Friday, September 10, 2010

CouchDB, Mendeley, and what I really want in an iPad article viewer

Playing with @couchdb, starting to think of the Mendeley API as a read/write JSON store, and having a reader app built on that...less than a minute ago via Tweetie for Mac

It's slowly dawning on me that many of the ingredients for an alternative different way to browse scientific articles may already be in place. After my first crude efforts at what an iPad reader might look like I've started afresh with a new attempt, based on the Sencha Touch framework. The goal here isn't to make a polished app, but rather to get a sense of what could be done.

The first goal is to be able to browse the literature as if it was a connected series of documents (which is what, of course, it is). This requires taking the full text of an article, extracting the citations, and making them links to further documents (also with their citations extracted, and so on). Leaving aside the obvious problem that this approach is limited to open access articles, an app that does this is going to have to store a lot of bibliographic data as the reader browses the literature (otherwise we going to have to do all the processing on the fly, and that's not going to be fast enough). So, we need some storage.

One option is to write a MySQL database to hold articles, books, etc. Doable (I've done more of these than I care to remember), but things get messy pretty quickly, especially as you add functionality (tags, fulltext, figures, etc.).
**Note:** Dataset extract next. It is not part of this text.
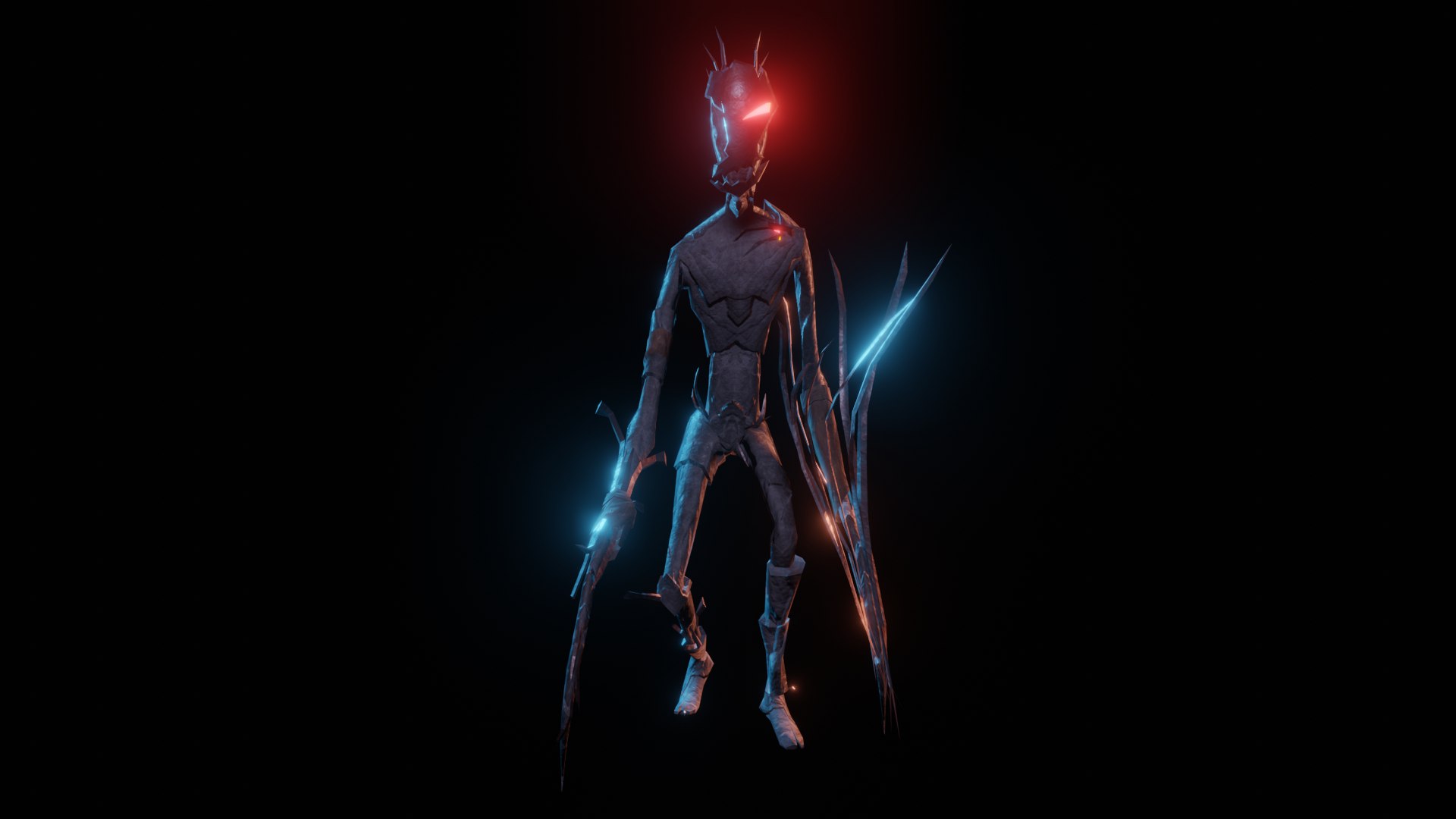 rock monster hunter 3D model https://p.turbosquid.com/ts-thumb/v1/aCjH0X/DGs0W7gj/primalrender/png/1601677156/1920x1080/fit_q87/fe52e565103313afcab9e2e7d815c85a11246c4c/primalrender.jpg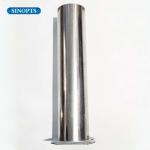 Kitchen Accessories BBQ Outdoor Gas Cooker Stainless Steel Gas Burner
Another option is to use RDF and a tripe store. I've played with linked data quite a bit lately (see previous "Friday follies" here and here), and I thought that a triple store would be a great way support an article browser (especially as we add additional kinds of data, such as sequences, specimens, phylogenies, etc.). But linked data is a mess. For the things I care about there are either no canonical identifiers, or too many, and rarely does the primary data provider served linked data compliant URLs (e.g., NCBI), hence we end up with a plethora of wrappers around these sources. Then there's the issue of what vocabularies to use (once again, there are either none, or too many). As a query language SPARQL isn't great, and don't even get me started on the issue of editing data. OK, so I get the whole idea of linked data, it's just that the overhead of getting anything done seems too high. You've got to get a lot of ducks to line up.

So, I started playing with CounchDB, in a fairly idle way. I'd had a look before, but didn't really get my head around the very different way of querying a database that CouchDB requires. Despite this learning curve, CouchDB has some great features. It stores documents in JSON, which makes it trivial to add data as objects (instead of mucking around with breaking them up into tables for SQL, or atomising them into triples for RDF), it supports versioning right out of the box (vital because metadata is often wrong and needs to be tidied up), and you talk to it using HTTP, which means no middleware to get in the way. You just point your browser (or curl, or whatever HTTP tool you have) and send GET, POST, PUT, or DELETE commands. And now it's in the cloud.

In some ways ending up with CouchDB (or something similar) seems inevitable. The one "semantic web" tool that I've made most use of is Semantic MediaWiki, which powers the NCBI to Wikipedia mapping I created in June. Semantic Mediawiki has it's uses, but occasionally it has driven me to distraction. But, when you get down to it, Semantic Mediawiki is really just a versioned document store (where the documents are typically key-value pairs), over which have been laid a pretty limited query language and some RDF export features. Put like this, most of the huge Mediawiki engine underlying Semantic MediaWiki isn't needed, so why not cut to the chase and use a purpose-built versioned document store? Enter CouchDB.

Browsing and Mendeley
So, what I have in mind is a browser that crawls a document, extracting citations, and enabling the reader to explore those. Eventually it will also extract all the other chocolatey goodness in an article (sequences, specimens, taxonomic names, etc.), but for now I'm focussing on articles and citations. A browser would need to store article metadata (say, each time it encounters an article for the first time), as well as update existing metadata (by adding missing DOIs, PubMed ids, citations, etc.), so what easier way than as JSON in a document store such as CouchDB? This is what I'm exploring at the moment, but let's take a step back for a second.

The Mendeley API, as poorly developed as it is, could be treated as essentially a wrapper around a JSON document store (the API stores and returns JSON), and speaks HTTP. So, we could imagine a browser that crawls the Mendeley database, adding papers that aren't in Mendeley as it goes. The act of browsing and reading would actively contribute to the database. Of course, we could spin this around, and argue that a crawler + CouchDB could pretty effectively create a clone of Mendeley's database (albeit without the social networking features that come with have a large user community).

This is another reason why the current crop of iPad article viewers, Mendeley's included, are so disappointing. There's the potential to completely change the way we interact with the scientific literature (instead of passively consuming PDFs), and Mendeley is ideally positioned to support this. Yes, I realise that for the vast majority of people being able to manage their PDFs and format bibliographies in MS Word are the killer features, but, seriously, is that all we aspire too?